TASK BRIEF
Restate word for word the lines of the records below, starting at the line that contains "Nên mua Samsung dòng A hay S" and ending at the line that contains "Building Photo - 11338 Villa Bellagio Dr", with both of those lines included and nothing else.

== DATA FOR THIS TASK

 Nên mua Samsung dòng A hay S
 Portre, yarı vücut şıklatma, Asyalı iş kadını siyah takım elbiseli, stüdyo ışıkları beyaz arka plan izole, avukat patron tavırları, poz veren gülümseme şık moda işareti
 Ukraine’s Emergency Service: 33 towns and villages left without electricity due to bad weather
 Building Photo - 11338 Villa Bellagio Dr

====
== DATA FOR THIS TASK

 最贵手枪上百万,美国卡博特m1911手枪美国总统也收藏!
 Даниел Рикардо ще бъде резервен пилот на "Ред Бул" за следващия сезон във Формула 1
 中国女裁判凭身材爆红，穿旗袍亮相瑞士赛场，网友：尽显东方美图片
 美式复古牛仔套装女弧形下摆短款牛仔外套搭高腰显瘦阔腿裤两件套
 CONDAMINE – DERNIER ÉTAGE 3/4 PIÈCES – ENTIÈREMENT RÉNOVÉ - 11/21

====

THE COMPLETED TASK
 Nên mua Samsung dòng A hay S
 Portre, yarı vücut şıklatma, Asyalı iş kadını siyah takım elbiseli, stüdyo ışıkları beyaz arka plan izole, avukat patron tavırları, poz veren gülümseme şık moda işareti
 Ukraine’s Emergency Service: 33 towns and villages left without electricity due to bad weather
 Building Photo - 11338 Villa Bellagio Dr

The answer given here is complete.